Alonso: It’s normal ebb and flow. All-New Marvel NOW! is all about diversity — of characters, approach, sensibility, aesthetic, attitude. Thinking outside the box was encouraged. You don’t come up with books like [G. Willow Wilson & Adrian Alphona’s] “Ms. Marvel,” [Nathan Edmondson & Phil Noto’s] “Black Widow,” [Felipe Smith & Tradd Moore’s] “All-New Ghost Rider,” or [Charles Soule & Javier Pulido’s] “She-Hulk” if you’re trying to play it safe.
MORE ON “IRON PATRIOT”: NYCC: Kot & Brown Prep “Iron Patriot”
You’re obviously busy as editor-in-chief, but how active do you get in bringing new talent in? How often are you reading a comic from elsewhere and saying, ‘Oh, I’d like to bring that person in’?”

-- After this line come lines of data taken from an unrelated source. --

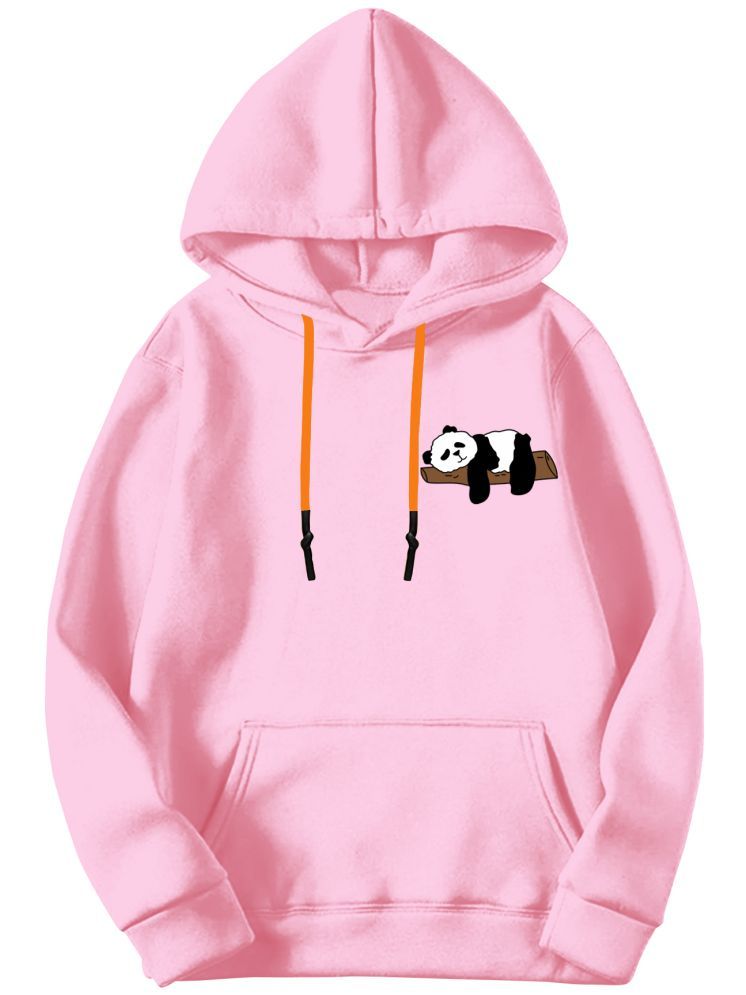     			fashion and youth Cotton Blend Hooded Men's Sweatshirt - Pink ( Pack of 1 )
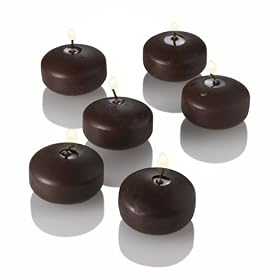Floating Candles 2 Set of 288, Brown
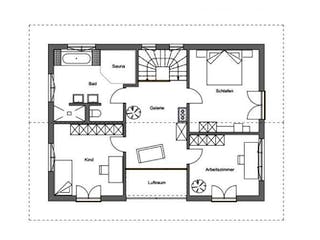 Fertighaus Vitalhaus Bayerisch Gmain von Regnauer Hausbau Schlüsselfertig ab 572475€, Grundriss 2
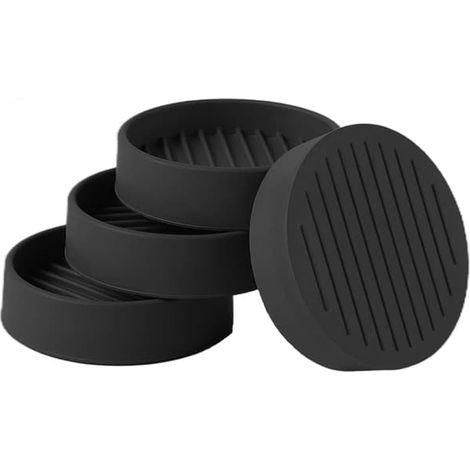 Coupes rondes en caoutchouc 2x2 pour roulettes de meubles, patins antidérapants pour meubles et protections de sol pour lits et autres sols - Protège tous les sols 2" x 2" (1/5)
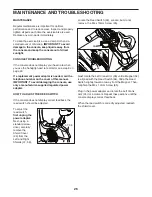 Preview for 26 page of ICON Health & Fitness Pro-Form 225 CSX User Manual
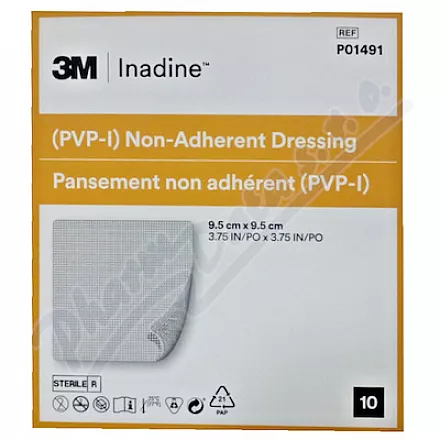 NIEADHEZYJNE POKRYCIE POWIDONEM JODU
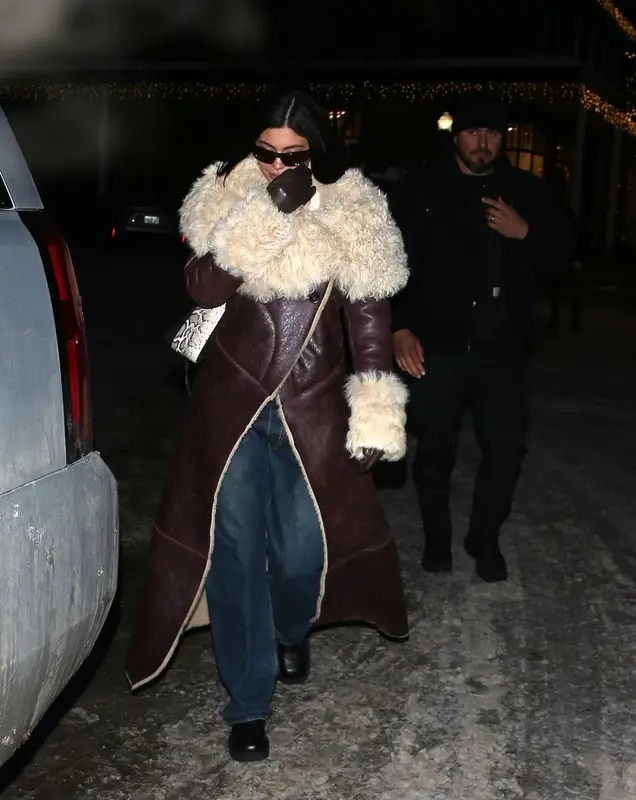 Kylie Jenner outfit in Marni, Acne Studios, and Bottega Veneta, 2023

Alonso: While I don’t directly edit any titles, I’m always making recommendations for writers and artists, and sometimes I’ll help set up the creative team for a new series. So yeah, I’m always scouting new talent, in print, online and in other media. Nathan Edmondson, Charles Soule, Gerry Duggan were all guys who got onto my radar early. And there’s a British writer I’m talking with right now I’m very excited about — I’m not going to mention his name because he’s in conversations with a couple of my editors.
It’s nice to hear your schedule still allows a good amount of reading..
Alonso: I do make time.
Let’s end by touching on a couple of the more unconventional Marvel projects recently — the “Revolutionary War” series with the return of Marvel UK heroes had its last issue out this week. It’s an interesting project, because it was never going to be a huge seller, but presumably was very pleasing to the fans of those characters. From your perspective, why was it an important thing story to tell, and how do you rate the success of that story?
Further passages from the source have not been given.